Tuesday, January 28, 2014

The Self-Hating Bourgeoisie

Patton Oswalt had a minor kerfluffle on Twitter late last week when he quoted Steve Sailer's, "Political correctness is a war on noticing." Twitter social justice warriors who follow Oswalt know that Sailer is a verboten writer and hoped to shame Oswalt by pointing this out.

I was surprised even to see the quote. Oswalt has always struck me as the leading comedian who is brave enough to say that others are racists. You know, real "speaking truth to power" stuff. But a few of Sailer's commenters reminded me that Oswalt has a relationship with Jim Goad, even if they are often at loggerheads.

I like to beat up on stand-up comics because their job requires them to stand, all alone, with a microphone and reveal their assumptions--but mainly because it's an entertainment form I used to love. I hate seeing it radicalized. I've never stopped paying attention to Oswalt even as his material got closer to the New Atheist attitude:  "Religious people are dumb. I'm smart. We're smart, right, folks?"

But Oswalt isn't dumb as much as he's typical of the enlightened left:  he's a self-hating bourgeoisie.

Another comment on Sailer's post pointed out that Oswalt's from a middle-class (if not higher) suburb in Virginia. His hometown figured in some of his earlier work. It's easy to imagine him cultivating his misery back in high school, surrounded by people who weren't as smart as he is.

I think a lot of the Kool-Aid-drinking progressives are this way. They grew up surrounded by people of the same class who they hated.

But here's the thing:  That disgust is usually aesthetic--merely a matter of passions. Oswalt's a little older than I am and is a devotee of comic books and science fiction. Back then, being a "nerd" wasn't cool so he probably got a lot of grief.

People like Oswalt and, for a time, myself, outgrew Knight Rider and discovered David Lynch and John Waters. We discovered David Bowie and the Dead Kennedys. We saw a whole new groovy world outside of our middle-class neighborhoods, a world that offered a lot more of everything we were excited about. Everyone around us was now hopelessly square and so we rejected everything about them.

One of the reasons I didn't abandon Oswalt is a bit called "The World's Most Amazing Father." In it, he says that he's going to be the most boring, conformist father he can be in order to make sure his kids will rebel and be cool. What I liked is his description of "cool" parents and what an uncertain, unstable life they create for their kids. He's not blind; thus his appreciation for Sailer's quote.

Once I escaped my small town, I couldn't help noticing a lot myself.
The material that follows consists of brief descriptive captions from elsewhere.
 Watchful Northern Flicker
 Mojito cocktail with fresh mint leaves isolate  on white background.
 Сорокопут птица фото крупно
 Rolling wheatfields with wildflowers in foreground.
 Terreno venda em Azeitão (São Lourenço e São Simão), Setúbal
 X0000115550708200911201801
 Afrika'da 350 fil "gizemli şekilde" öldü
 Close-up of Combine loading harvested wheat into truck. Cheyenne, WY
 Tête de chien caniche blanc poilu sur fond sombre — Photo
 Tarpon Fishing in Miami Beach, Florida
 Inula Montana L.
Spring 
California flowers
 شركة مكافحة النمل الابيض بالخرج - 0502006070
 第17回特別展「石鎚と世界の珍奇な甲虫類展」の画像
I was in search of people who thought like me, who were looking for alternatives to traditional life.

I found the artsy, cool kids and eventually became disgusted. They weren't exploring a modern lifestyle--they were simply indulging themselves and behaving as if they were enlightened. They bounced from minor disaster to minor disaster (and there was always someone in the wider circle experiencing a major disaster). They were more people who had taught themselves sociopathy than people who had outgrown their middle-class values.

By contrast, the firmly middle-class kids I knew did drugs and screwed around as much as the hipsters but at least they had the feeling that all that fun wasn't making them all that happy. They always pictured themselves giving it all up someday and settling down. They were thinking about what they were doing.